Cgroups v2 in OpenJDK container in Openshift 4

Solution Verified - Updated

Environment

  • Red Hat Build of OpenJDK
    • 8
    • 11
    • 17
    • 21
  • Red hat OpenShift Container Platform (RHOCP)
    • 4.13+

Issue

  • Cgroups v2 in OpenJDK container in Openshift 4
  • Cgroups v2 in Red Hat containers
  • OOMKill in OCP 4.14, although it worked on OCP 4.13-

Resolution

Solution:

  • Since OpenJDK 8u372+ version detects cgroups v2.
  • Since OpenJDK 11.0.16+ version version detects cgroups v2.
  • Any OpenJDK 17 (or later release, like OpenJDK 21).

Failure to detect cgv2 will result in the container settings/boundaries not being detected and the host being used as boundaries, which will eventually lead to OOMkill by the cgroups container memory size.

OpenJDK container current detects the cgroups via upstreams OpenJDK native code (C/Cpp) code not via scripts. That differs from JBoss EAP images 7, which rely on scripts for detection.

Meaning, other products such as JBoss EAP and AMQ, do not necessarily rely on OpenJDK for cgroups v2 detection and might rely on their scripts for detection and customization. For JBoss EAP 7 details in cgroups version see EAP 7 images cgroups version. For detection cgv2, see Verifying Cgroup v2 Support in OpenJDK Images.

Root Cause

The cgroup version is a kernel feature, i.e. it is inherited from on the node (host system) the container (or the application) is running on. In containerized applications, the container inherits - not impose it and the container itself cannot change the cgroup version. All it does is detect it. If OpenJDK isn't at level 8u372 or higher and the host system is cgroups v2, it would fail to detect any settings. i.e. the cgroups provider wouldn't be cgroupv2 or cgroupv1 presenting the following output:

Operating System Metrics:
    No metrics available for this platform

So if you are seeing cgroupv1 for some Java application, it means either:
a- The node the container is running on cgroups v1
b- or the Node OCP is set for cgroups v2, but the version cgv2 is not being detected

Cgroups v1 vs v2

Cgroups v2 changed the hierarch from cgropus v1. For instance cpu_cpuset_cpus is removed in it's place are the cpuset family of values. So instead of having a cpu controller group like in cgroupsv1, they made a separate controller group called cpuset to accomplish the same task. Reference Content from www.kernel.org is not included.here.

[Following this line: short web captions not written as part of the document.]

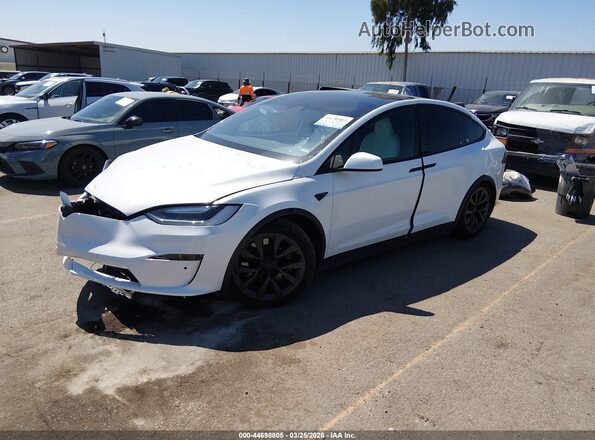 7SAXCBE64NF331741 2022 TESLA MODEL X Белый Передняя левая четверть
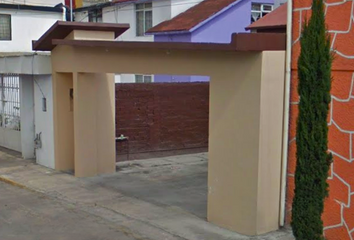 Casa en  Calle Girasol 218, Mz 001, Guadalupe Y Club Jardín, Toluca De Lerdo, Estado De México, México
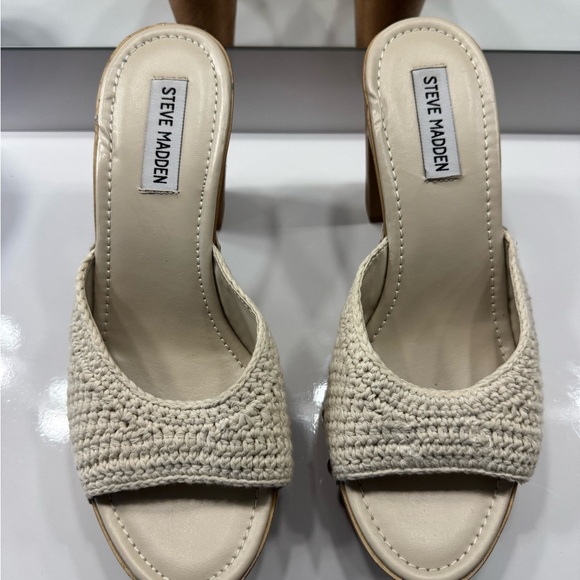 Steve Madden Cream and Tan Heeled Mules - Picture 2 of 3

Meaning cgroupsv2 has more modular controllers in this case cgroupsv2 has cgroup, cpu, cpuset, io, irq, memory, and misc controllers now and pids etc. Cgroupsv2 now has a modular hierarcy like so:

  • cgroupsv2
  • modules
    • module values

So for cpu_cpuset_cpus, which was one file in cgroupsv1, it's currently cpuset module with the various options in that module.

There is also changes on the reporting of the data itself, see the solution Java's memory consumption inside a Openshift 4 container for more details.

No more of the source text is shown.